BEGIN GIVEN RECORDS

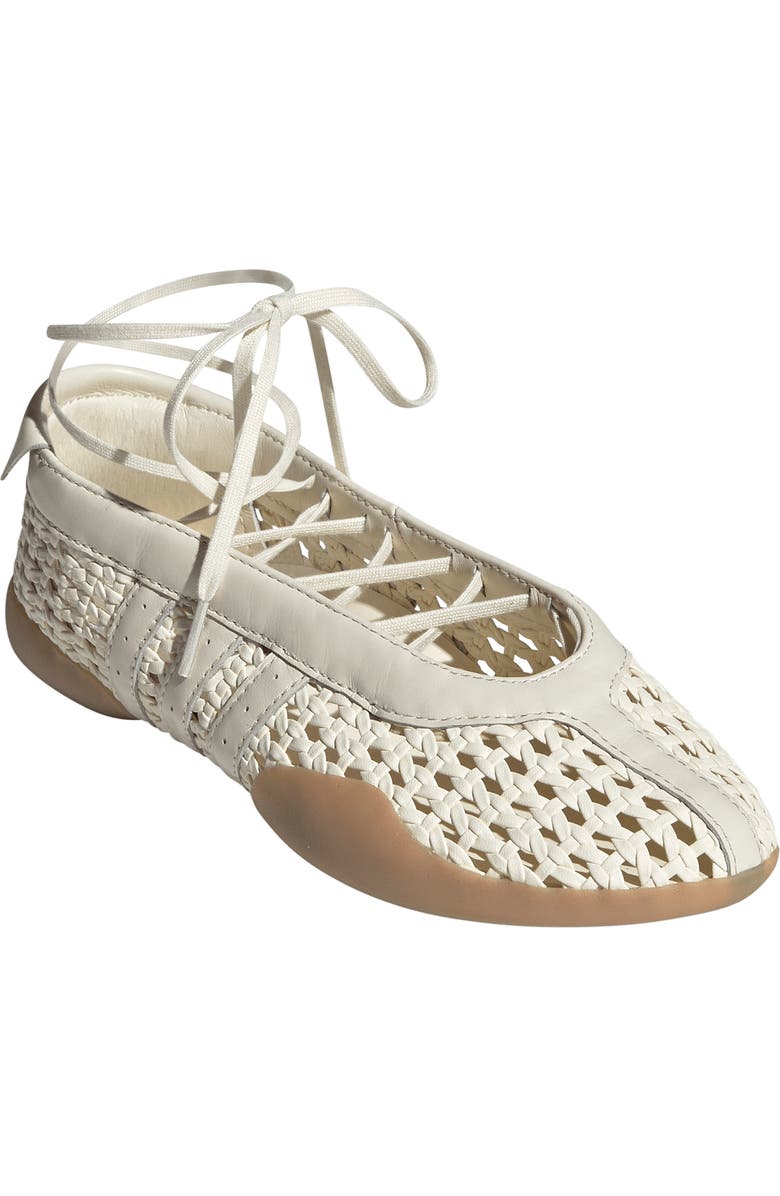 adidas Taekwondo Mei Ballet Flat, Main, color, Cream White/ Cream White/ Gum4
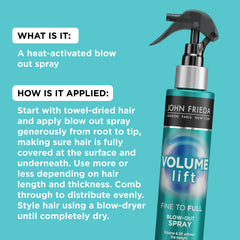 John Frieda Volume Lift: cabello suave y con cuerpo tras secado para peinados duraderos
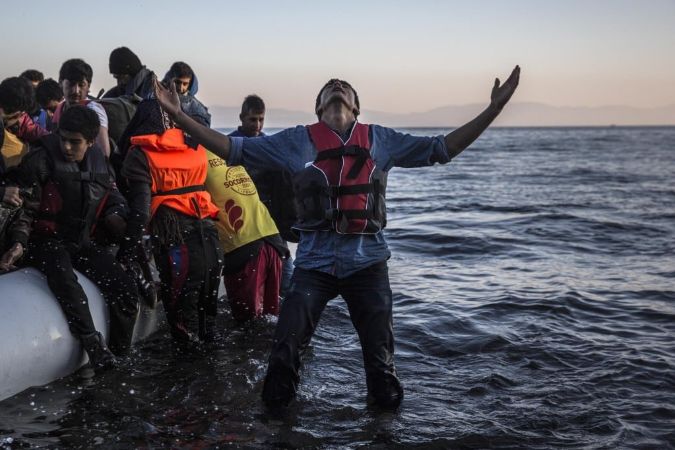 Denizde Yakalanan Mülteciler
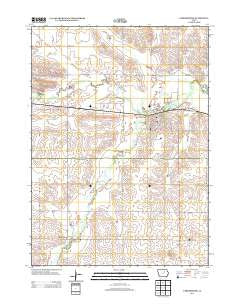 Parkersburg Iowa Historical topographic map, 1:24000 scale, 7.5 X 7.5 Minute, Year 2013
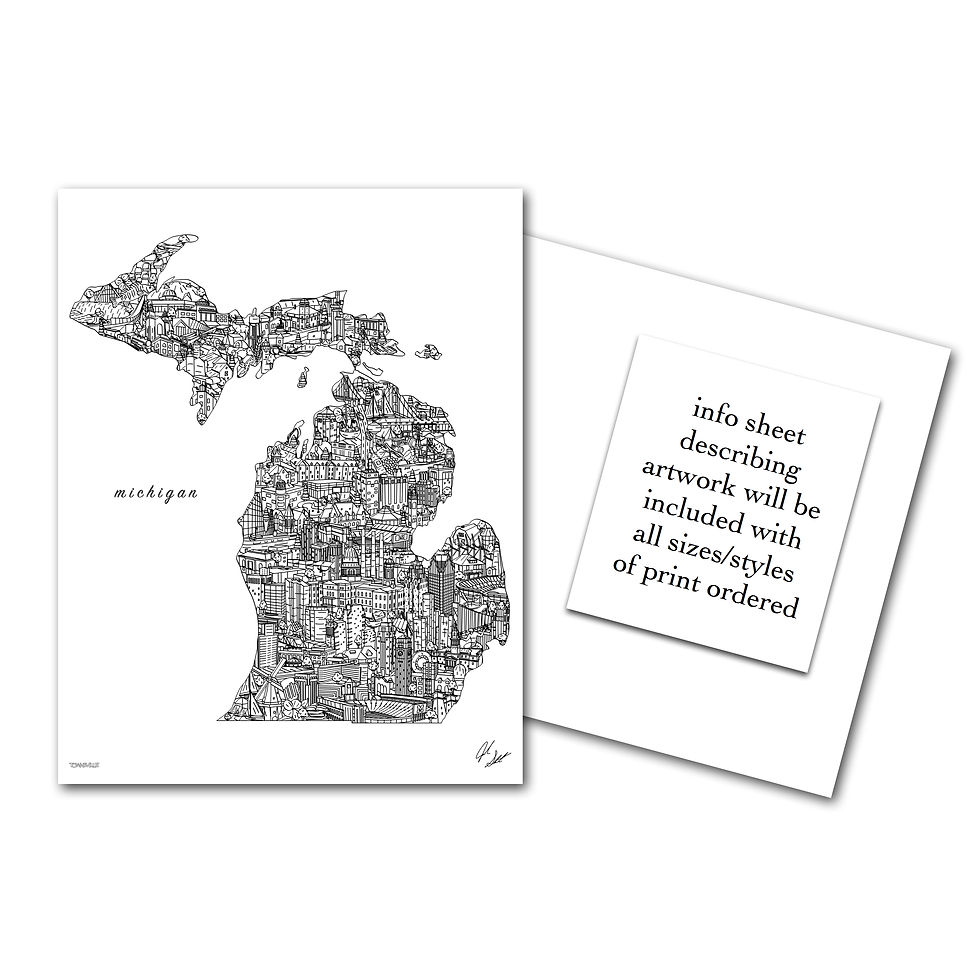 Thumbnail: Michigan Art Print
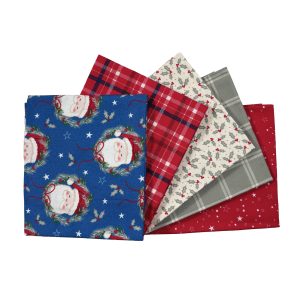 Holly Jolly Patch - Christmas - Fat Quarters (3784)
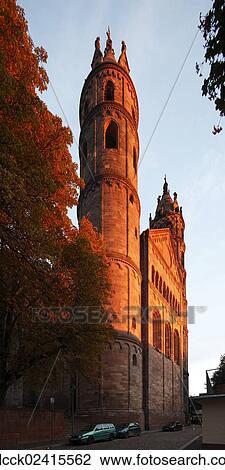 Romanesque Cathedral of St. Peter in Worms, Worms Cathedral, Worms, Rhineland-Palatinate, Germany, Europe View Large Photo Image Stock Image - Romanesque Cathedral of St. Peter in Worms, Worms Cathedral, Worms, Rhineland-Palatinate, Germany, Europe. Fotosearch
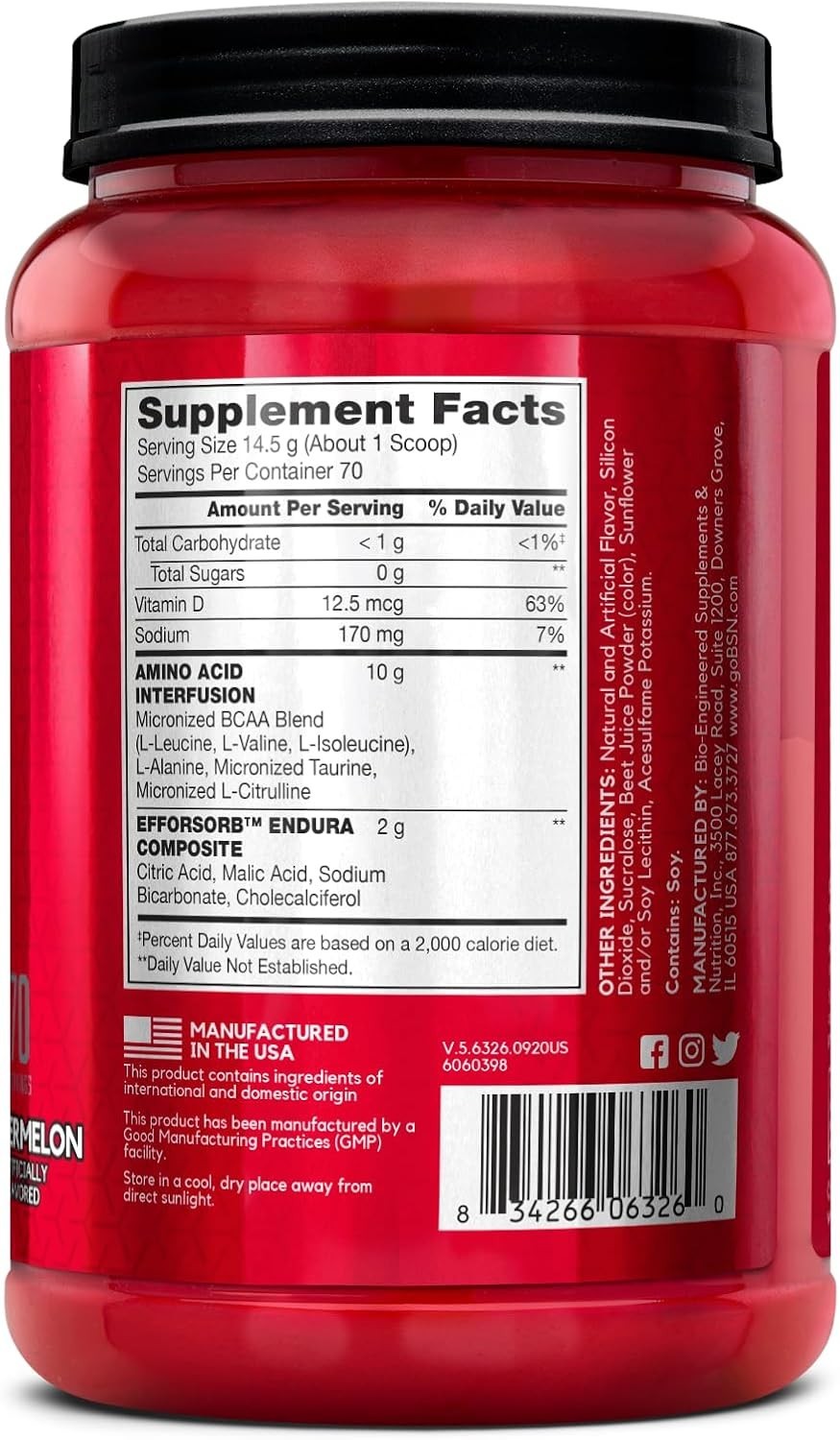 Amino X BCAA Powder Watermelon Flavor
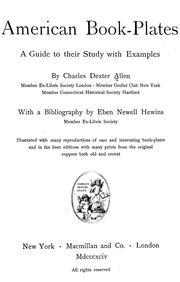 Cover of: American book-plates: a guide to their study with examples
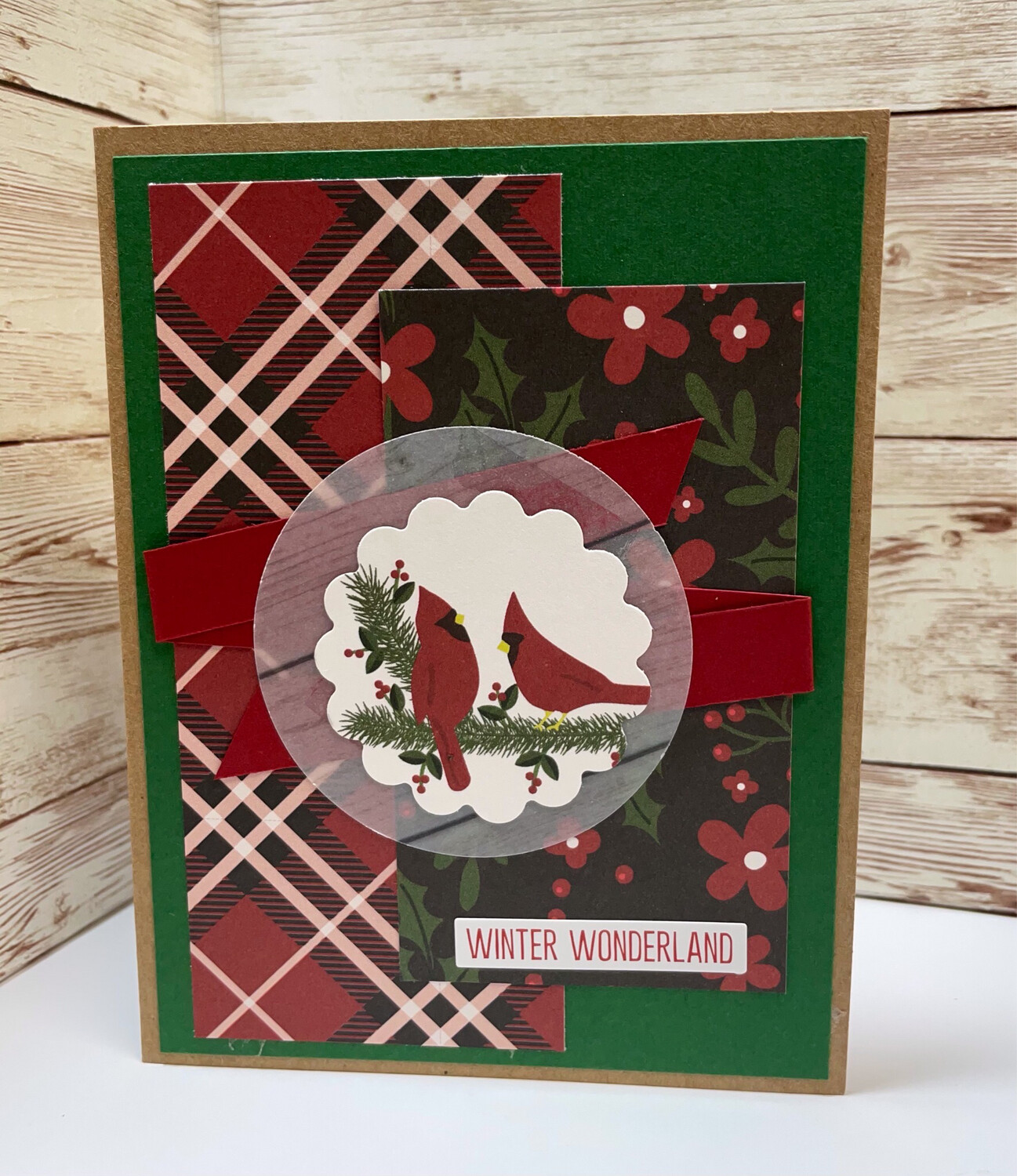 Winter Wonderland Cardinal Card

END GIVEN RECORDS

DESCRIPTION OF THE TASK:
Do not copy pictures. Restate exactly the lines from the one containing "Parkersburg Iowa Historical" through the last line of the records.

EXERCISE RESPONSE:
 Parkersburg Iowa Historical topographic map, 1:24000 scale, 7.5 X 7.5 Minute, Year 2013
 Thumbnail: Michigan Art Print
 Holly Jolly Patch - Christmas - Fat Quarters (3784)
 Romanesque Cathedral of St. Peter in Worms, Worms Cathedral, Worms, Rhineland-Palatinate, Germany, Europe View Large Photo Image Stock Image - Romanesque Cathedral of St. Peter in Worms, Worms Cathedral, Worms, Rhineland-Palatinate, Germany, Europe. Fotosearch
 Amino X BCAA Powder Watermelon Flavor
 Cover of: American book-plates: a guide to their study with examples
 Winter Wonderland Cardinal Card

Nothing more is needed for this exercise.